Les Epées n°22 ont paru, sous le titre de saison "Les élections contre la démocratie". J'ai remplacé la couverture de Serge Degrim qui n'est pas en ligne par celle ci-contre, tout de mon cru.
C'est le dossier Politique qui sera le plus prisé de cette livraison au moment où les Français retrouvent un certain engouement pour les affaires générales. Vous ne serez pas déçus, on attaque par une enquête sur les contradictions du régime actuel qui part du postulat que le peuple souverain est indivisible.
Comment dès lors une de ses sections pourrait-elle obtenir une part supplémentaire, se demande JB Barthélemy. C'est le fondement de l'escroquerie idéologique dont nous avons parlé maintes fois.
Il démonte facilement le travail de sape constitutionnelle du président Chirac qui se démarquera de la pratique "monarchique" de ses prédécesseurs pour se fourvoyer dans la satrapie. Jamais président français et pas seulement de la Cinquième, n'aura méprisé autant le corps électoral Jamais président n'aura usé avec autant de cynisme des trous de serrure de nos institutions. Le préjudice est considérable puisqu'il a quasiment tué le régime gaullien, à tel point que chaque candidat prévoit d'abandonner le cadavre et renaître sous les oripeaux d'une nouvelle mouture, plus présentable ... aux gogos. Barthélemy désosse complètement la responsabilité politique du chef de l'Etat dans l'autorité de la fonction. Il faut lire Les Epées !

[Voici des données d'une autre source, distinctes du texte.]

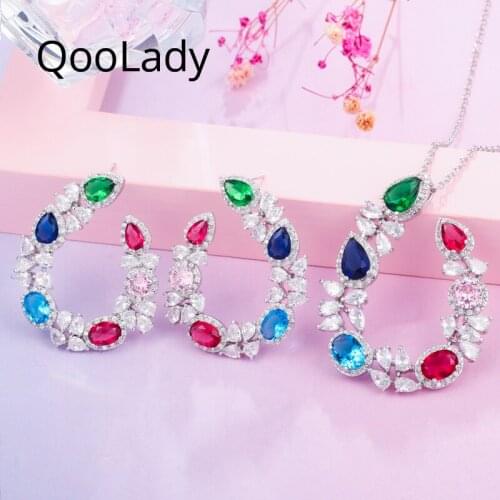 QooLady Gorgeous White Gold Colorful AAA Cubic Zirconia Stone Jewelry Set Earrings Necklace for Ladies Best Christmas Gift Z088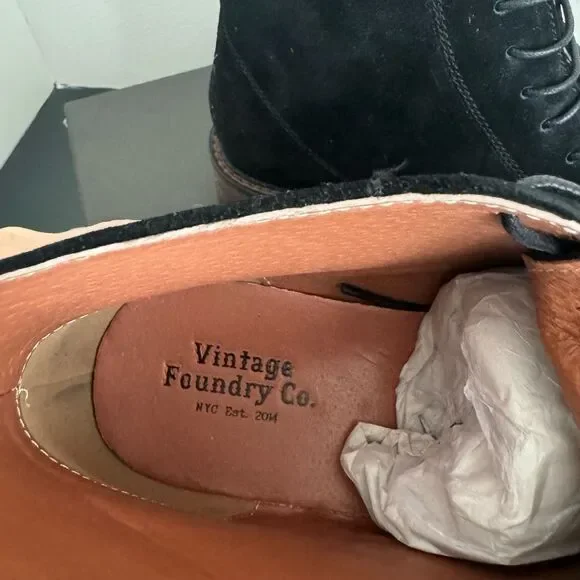 NIB Vintage Foundry Co Black Otto Suede Leather Lace Up Boots Size 8 Chukka - Picture 11 of 11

Petit slogan de Serge Degrim sur le mode de campagne de Ségolène Royal : Désirs d'avenir, la plus grosse carotte ayant jamais fait avancer un si grand nombre d'ânes.
L'article d'Hector Nissac sur les Néocons américains qui se termine en amalgamant le président français (qui ne croit ni à Dieu, ni à Diable, mais à Lui-même) ne m'a pas complètement convaincu. Je crois que la mise en oeuvre d'une politique néo-conservatrice par l'administration Bush puise sa source non tant dans les universités de Paul Wolfowitz et de Condoleezza Rice, mais dans le risorgiamento national que permit la grande statue creuse de Ronald Reagan, un sorte de super-Chirac mais qui réussit son coup par délégation : effondrement de l'empire soviétique. L'équipe soudée autour de Rumsfeld et Cheney entendait refaire la même opération avec le fils Bush pour établir définitivement la suprématie américaine sur le globe avant que les empires asiatiques ne prennent leurs marques. Pourquoi, aurait été intéressant à savoir. Que cette tentation impérialiste ait réuni en France feu JF Revel, Glusckman, Bruckner et Kouchner, qui se jettent maintenant aux pieds de Sarkozy, est subalterne. Mais la photo de GW Bush coiffé du Stetson est très parlante.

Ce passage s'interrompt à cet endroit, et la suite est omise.